I need to know this as I often run a local web server where I need to access files over the local network… and since it changes regularly I want the fastest method to retrieve the address.

My current flow is:

  1. WindowsKey + R to open the Run dialog
  2. “cmd” + Enter to open a command prompt
  3. “ipconfig” + Enter to get the diagnostics info
  4. Scroll to or resize the window so that I can see the line in my Ethernet adapter Local Area Connection for my ipv4 Address
  5. Remember it to type elsewhere… or
  6. Right click > select Mark > highlight the address > press Enter to copy it to the clipboard

This wasn’t so bad with Windows XP when I had no additional adapters, tunnels, wireless connections etc. but the amount of data returned with this command makes it hard to pluck out.

Surely there must be a better, faster way! (bonus points if adding it to the clipboard is easily accomplished)


Type this into a .bat file. You can then create a shortcut to it and place it in the taskbar, start menu, or assign a hotkey.

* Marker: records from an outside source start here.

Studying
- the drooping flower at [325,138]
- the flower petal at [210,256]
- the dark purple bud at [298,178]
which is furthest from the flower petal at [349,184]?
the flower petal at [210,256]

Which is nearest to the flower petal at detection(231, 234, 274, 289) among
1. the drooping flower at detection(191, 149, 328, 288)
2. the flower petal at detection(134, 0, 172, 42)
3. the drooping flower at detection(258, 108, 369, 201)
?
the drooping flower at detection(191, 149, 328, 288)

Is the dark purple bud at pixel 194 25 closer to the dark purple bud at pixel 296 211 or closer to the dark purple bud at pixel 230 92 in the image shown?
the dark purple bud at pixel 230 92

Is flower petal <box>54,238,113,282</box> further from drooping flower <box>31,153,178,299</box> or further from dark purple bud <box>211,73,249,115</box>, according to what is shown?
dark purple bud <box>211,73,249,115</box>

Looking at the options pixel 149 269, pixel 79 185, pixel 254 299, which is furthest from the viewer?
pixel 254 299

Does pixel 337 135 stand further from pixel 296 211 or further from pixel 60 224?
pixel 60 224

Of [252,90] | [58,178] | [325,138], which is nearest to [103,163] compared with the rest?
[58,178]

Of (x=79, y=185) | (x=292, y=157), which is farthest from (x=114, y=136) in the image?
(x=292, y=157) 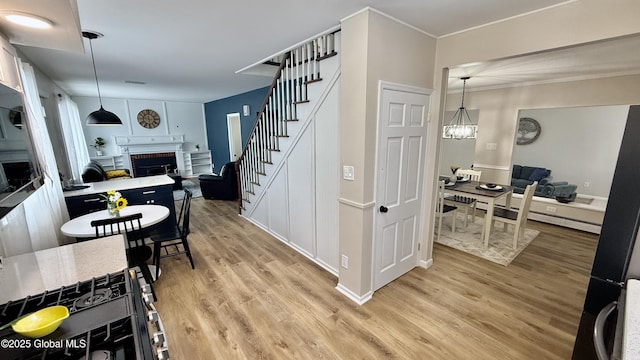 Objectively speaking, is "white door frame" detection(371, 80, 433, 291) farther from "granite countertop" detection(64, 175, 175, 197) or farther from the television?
"granite countertop" detection(64, 175, 175, 197)

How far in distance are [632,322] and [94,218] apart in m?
3.97

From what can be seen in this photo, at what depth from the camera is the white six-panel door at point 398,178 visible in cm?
232

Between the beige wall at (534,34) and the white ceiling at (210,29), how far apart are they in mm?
96

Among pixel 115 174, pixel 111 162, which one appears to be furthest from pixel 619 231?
pixel 111 162

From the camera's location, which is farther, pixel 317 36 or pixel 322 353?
pixel 317 36

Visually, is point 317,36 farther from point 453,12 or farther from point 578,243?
point 578,243

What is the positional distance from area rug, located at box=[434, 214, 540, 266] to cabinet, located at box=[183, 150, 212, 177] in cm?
782

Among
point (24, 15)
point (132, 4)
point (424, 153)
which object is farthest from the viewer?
point (424, 153)

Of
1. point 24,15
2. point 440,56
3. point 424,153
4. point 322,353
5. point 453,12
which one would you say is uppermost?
point 453,12

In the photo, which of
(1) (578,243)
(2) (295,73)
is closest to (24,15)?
(2) (295,73)

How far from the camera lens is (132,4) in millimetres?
1881

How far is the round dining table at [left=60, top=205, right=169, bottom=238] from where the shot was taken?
2330 millimetres

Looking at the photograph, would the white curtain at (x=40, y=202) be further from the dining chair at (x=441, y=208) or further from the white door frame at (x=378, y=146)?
the dining chair at (x=441, y=208)

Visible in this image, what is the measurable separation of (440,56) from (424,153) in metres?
0.99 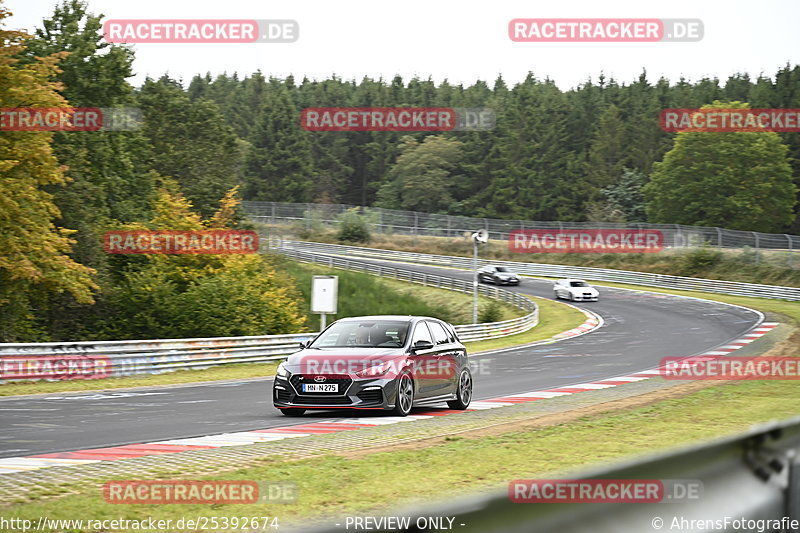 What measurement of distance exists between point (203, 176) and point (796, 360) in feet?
173

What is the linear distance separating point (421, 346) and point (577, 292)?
153ft

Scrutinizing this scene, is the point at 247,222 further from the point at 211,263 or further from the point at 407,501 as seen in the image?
the point at 407,501

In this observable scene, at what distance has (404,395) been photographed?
1530 cm

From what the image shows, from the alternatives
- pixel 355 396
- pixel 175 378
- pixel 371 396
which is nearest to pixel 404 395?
pixel 371 396

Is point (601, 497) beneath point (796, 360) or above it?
above

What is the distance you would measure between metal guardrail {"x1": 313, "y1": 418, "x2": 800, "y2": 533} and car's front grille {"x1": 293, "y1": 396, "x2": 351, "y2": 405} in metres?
10.8

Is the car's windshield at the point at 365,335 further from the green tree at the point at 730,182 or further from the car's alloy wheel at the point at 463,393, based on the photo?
the green tree at the point at 730,182

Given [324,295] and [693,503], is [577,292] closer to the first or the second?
[324,295]

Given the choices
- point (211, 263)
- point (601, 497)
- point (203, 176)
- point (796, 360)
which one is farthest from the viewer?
point (203, 176)

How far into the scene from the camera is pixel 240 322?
38562 mm

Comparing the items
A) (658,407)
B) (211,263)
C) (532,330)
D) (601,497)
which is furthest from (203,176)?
(601,497)

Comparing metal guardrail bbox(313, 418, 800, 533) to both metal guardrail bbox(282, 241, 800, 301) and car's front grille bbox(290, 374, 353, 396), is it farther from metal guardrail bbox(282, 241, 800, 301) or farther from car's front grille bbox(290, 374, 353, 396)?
metal guardrail bbox(282, 241, 800, 301)

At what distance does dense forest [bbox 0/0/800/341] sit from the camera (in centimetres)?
3337

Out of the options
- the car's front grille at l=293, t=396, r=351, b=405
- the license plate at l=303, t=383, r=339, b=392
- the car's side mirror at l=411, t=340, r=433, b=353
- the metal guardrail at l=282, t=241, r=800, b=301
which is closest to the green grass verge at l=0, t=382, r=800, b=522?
the car's side mirror at l=411, t=340, r=433, b=353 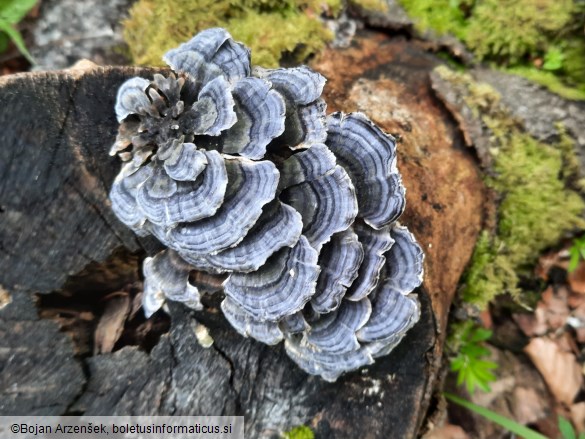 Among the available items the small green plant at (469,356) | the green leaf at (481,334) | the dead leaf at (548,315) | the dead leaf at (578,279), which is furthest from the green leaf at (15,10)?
the dead leaf at (578,279)

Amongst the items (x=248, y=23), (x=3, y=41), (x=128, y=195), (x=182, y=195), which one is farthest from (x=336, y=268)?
(x=3, y=41)

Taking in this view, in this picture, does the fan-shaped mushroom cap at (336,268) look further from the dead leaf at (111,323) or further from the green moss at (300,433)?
the dead leaf at (111,323)

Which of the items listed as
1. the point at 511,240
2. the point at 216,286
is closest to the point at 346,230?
the point at 216,286

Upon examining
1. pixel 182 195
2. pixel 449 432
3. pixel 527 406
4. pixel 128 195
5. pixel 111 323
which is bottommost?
pixel 449 432

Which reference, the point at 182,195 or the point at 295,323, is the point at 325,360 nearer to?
the point at 295,323

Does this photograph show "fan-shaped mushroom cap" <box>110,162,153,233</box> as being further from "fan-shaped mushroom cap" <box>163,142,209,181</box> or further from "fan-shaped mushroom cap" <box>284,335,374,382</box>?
"fan-shaped mushroom cap" <box>284,335,374,382</box> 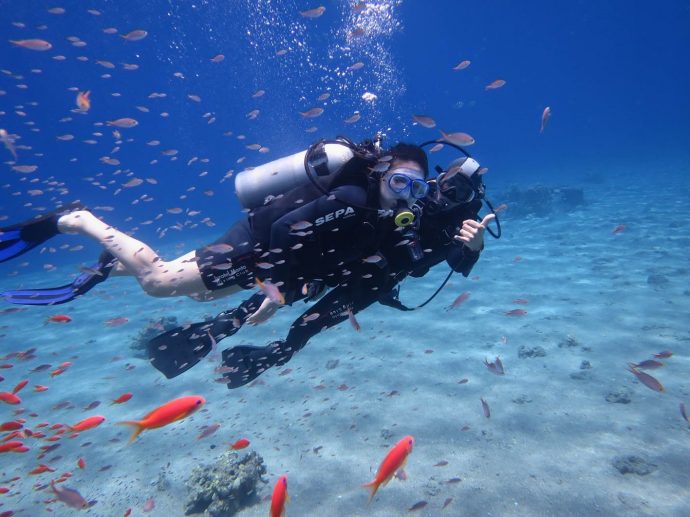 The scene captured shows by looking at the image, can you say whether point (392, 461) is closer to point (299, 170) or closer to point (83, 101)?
point (299, 170)

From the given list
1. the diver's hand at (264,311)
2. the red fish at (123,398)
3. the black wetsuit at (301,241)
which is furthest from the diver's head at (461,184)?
the red fish at (123,398)

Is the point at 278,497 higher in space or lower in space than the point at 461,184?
lower

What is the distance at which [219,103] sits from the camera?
70.6 metres

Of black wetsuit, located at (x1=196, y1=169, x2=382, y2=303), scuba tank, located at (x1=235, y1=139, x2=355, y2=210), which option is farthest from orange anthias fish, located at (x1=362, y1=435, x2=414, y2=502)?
scuba tank, located at (x1=235, y1=139, x2=355, y2=210)

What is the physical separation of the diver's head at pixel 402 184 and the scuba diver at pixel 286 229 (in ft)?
0.04

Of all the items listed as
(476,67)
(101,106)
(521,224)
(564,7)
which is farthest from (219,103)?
(476,67)

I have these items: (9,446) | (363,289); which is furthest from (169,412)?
(9,446)

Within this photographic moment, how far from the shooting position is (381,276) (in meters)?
4.59

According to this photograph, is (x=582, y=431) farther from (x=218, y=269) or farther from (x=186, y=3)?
(x=186, y=3)

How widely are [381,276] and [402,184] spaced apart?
3.94 feet

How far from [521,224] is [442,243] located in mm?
20549

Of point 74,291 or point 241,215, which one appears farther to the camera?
point 241,215

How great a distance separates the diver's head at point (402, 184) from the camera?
13.3ft

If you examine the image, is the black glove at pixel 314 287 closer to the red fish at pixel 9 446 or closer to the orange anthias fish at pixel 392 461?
the orange anthias fish at pixel 392 461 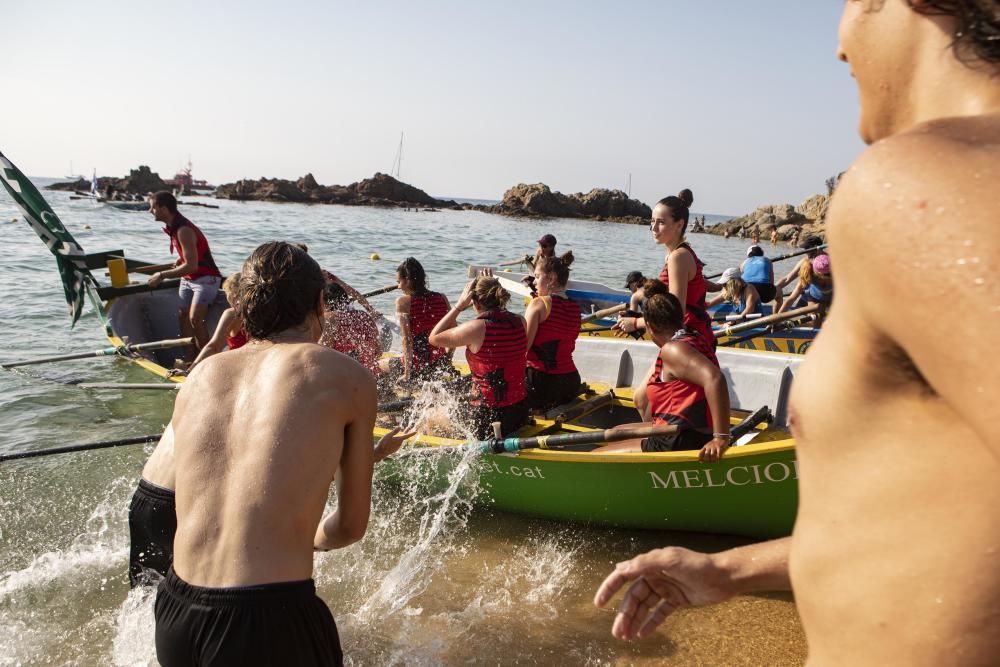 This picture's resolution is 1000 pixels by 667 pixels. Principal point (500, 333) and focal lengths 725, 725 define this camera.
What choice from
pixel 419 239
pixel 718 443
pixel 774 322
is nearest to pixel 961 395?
pixel 718 443

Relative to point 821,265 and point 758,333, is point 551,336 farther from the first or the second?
point 821,265

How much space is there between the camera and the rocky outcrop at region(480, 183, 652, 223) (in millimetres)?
73750

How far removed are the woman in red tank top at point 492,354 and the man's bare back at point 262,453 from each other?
136 inches

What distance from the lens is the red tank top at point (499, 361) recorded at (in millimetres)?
5984

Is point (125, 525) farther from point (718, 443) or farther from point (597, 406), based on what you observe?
point (718, 443)

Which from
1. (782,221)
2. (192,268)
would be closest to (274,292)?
(192,268)

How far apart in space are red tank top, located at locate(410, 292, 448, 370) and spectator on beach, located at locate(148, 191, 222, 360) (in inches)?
119

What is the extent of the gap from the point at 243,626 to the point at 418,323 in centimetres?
542

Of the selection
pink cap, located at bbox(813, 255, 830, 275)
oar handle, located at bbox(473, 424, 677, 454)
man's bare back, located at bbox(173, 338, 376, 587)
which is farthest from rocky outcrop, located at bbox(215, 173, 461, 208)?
man's bare back, located at bbox(173, 338, 376, 587)

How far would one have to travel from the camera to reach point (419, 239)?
40.5 meters

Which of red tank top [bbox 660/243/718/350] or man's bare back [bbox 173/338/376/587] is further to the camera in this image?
red tank top [bbox 660/243/718/350]

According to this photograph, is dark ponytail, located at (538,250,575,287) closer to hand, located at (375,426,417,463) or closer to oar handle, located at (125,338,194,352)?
hand, located at (375,426,417,463)

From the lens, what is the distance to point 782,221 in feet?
179

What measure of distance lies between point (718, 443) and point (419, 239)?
1441 inches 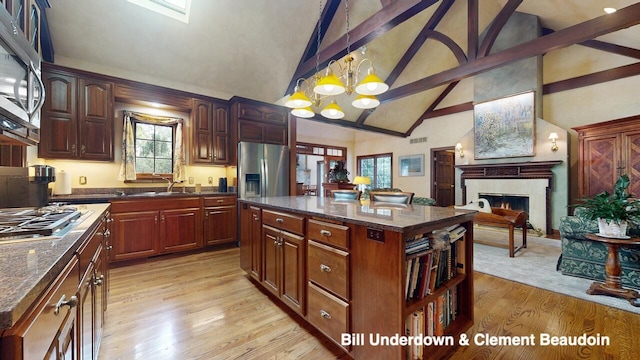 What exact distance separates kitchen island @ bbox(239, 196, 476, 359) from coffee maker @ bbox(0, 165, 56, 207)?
1.81 meters

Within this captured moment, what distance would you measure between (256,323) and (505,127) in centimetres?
663

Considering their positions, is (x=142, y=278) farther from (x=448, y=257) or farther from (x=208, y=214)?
(x=448, y=257)

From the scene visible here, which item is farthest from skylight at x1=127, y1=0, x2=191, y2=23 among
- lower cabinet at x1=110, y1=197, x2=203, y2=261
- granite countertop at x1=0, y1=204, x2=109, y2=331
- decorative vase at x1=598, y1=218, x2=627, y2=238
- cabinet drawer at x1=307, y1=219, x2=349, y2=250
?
decorative vase at x1=598, y1=218, x2=627, y2=238

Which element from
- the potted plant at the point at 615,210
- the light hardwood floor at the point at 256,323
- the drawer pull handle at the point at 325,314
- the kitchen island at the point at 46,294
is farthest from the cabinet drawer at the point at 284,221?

ipconfig | find "IPv4" | find /V "192.168." | CLIP

What it does: First find returns all the lines that contain IPv4. If you have multiple network adapters, from example from VMWare, you may want to exclude them. That’s where find /V comes into play, it finds all lines that do not contain given string. For example, that’s what I get after the first find:

>ipconfig | find "IPv4"
   IPv4 Address. . . . . . . . . . . :
   IPv4 Address. . . . . . . . . . . :
   IPv4 Address. . . . . . . . . . . :

Finally, CLIP copies the output to the clipboard, so you will be left with

>    IPv4 Address. . . . . . . . . . . :

If that’s not enough maybe someone else can refine it with fancy search patterns.